***** SUPPLIED MATERIAL *****

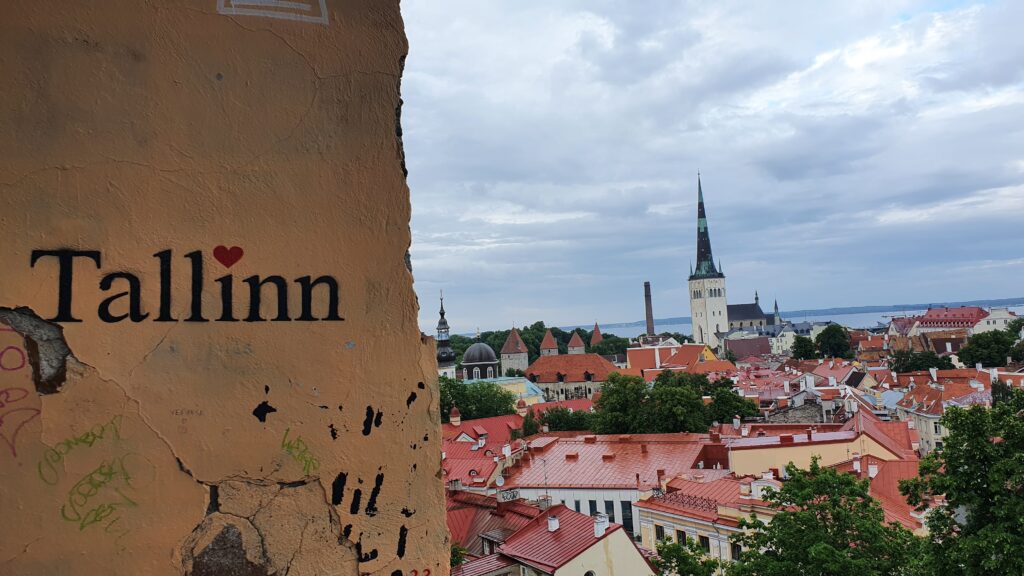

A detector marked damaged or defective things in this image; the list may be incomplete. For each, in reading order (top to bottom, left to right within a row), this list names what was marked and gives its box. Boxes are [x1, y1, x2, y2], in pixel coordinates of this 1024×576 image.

cracked wall surface [1, 2, 448, 569]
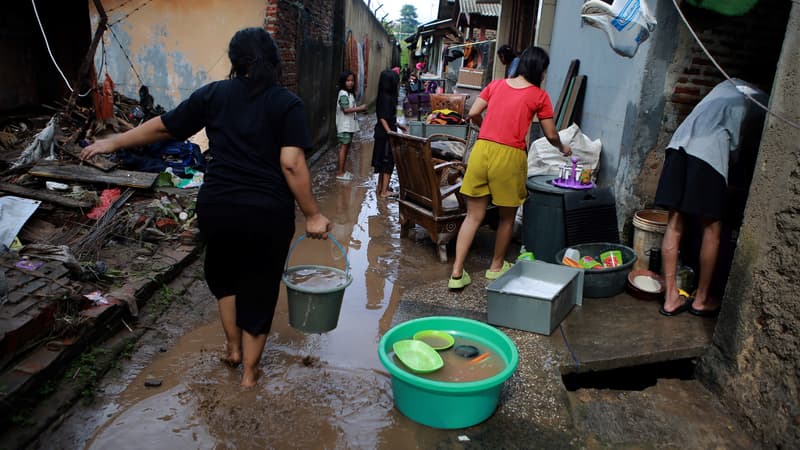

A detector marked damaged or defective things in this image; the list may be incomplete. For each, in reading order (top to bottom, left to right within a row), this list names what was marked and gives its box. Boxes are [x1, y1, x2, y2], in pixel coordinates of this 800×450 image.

peeling paint wall [90, 0, 266, 109]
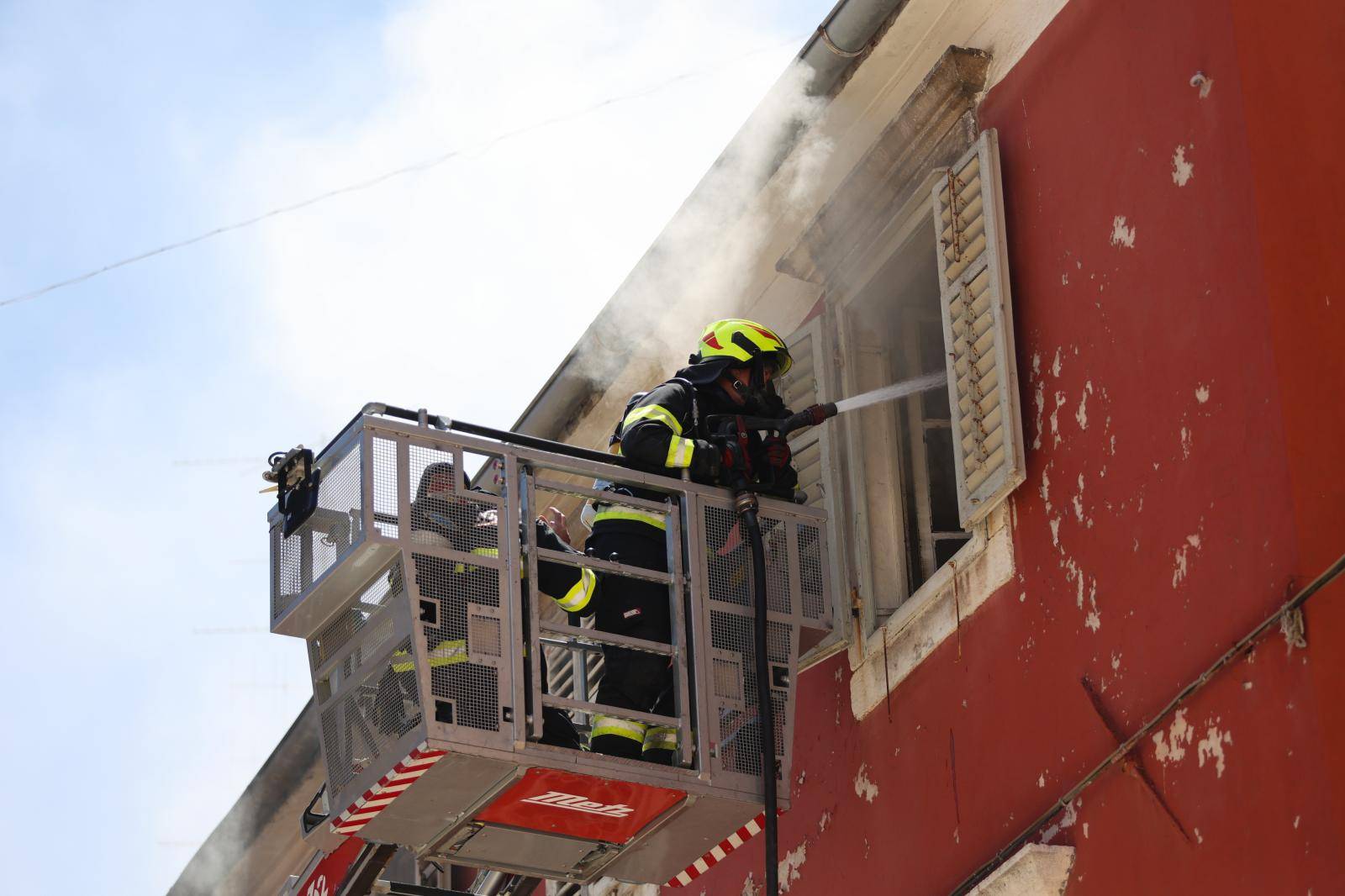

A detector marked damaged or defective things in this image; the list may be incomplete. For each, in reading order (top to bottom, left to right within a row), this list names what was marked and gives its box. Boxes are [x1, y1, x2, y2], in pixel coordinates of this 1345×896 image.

peeling paint [1170, 145, 1190, 185]
peeling paint [1116, 220, 1137, 252]
peeling paint [1150, 706, 1190, 763]
peeling paint [1197, 719, 1231, 777]
peeling paint [851, 763, 881, 804]
peeling paint [773, 841, 804, 888]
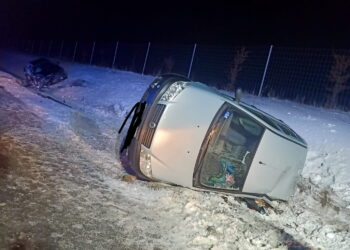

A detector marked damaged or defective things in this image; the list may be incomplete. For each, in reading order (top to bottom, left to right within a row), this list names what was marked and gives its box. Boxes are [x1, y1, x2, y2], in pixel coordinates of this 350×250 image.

damaged vehicle [23, 58, 67, 89]
damaged vehicle [119, 74, 306, 203]
overturned white car [119, 74, 306, 203]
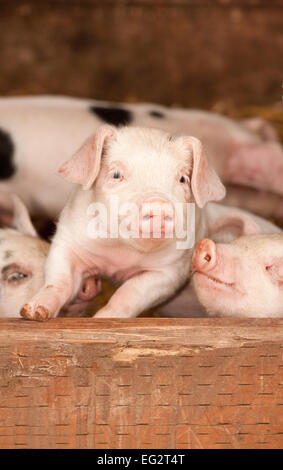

*****

[WORK ITEM] Reproduce the lines from the line containing "this 350×250 image." through the end of the records above, exactly and inclusively, omitting pictures.

[SOLUTION TO THIS PROBLEM]
A detector marked damaged or defective things in this image; the list may be incomplete. For each, in reading order (top to bottom, left to right within a row), this list names what was marked and gives its box. Boxes are [x1, y1, x2, y2], in pixel coordinates of this 350×250 image.

damaged vehicle [23, 58, 67, 89]
damaged vehicle [119, 74, 306, 203]
overturned white car [119, 74, 306, 203]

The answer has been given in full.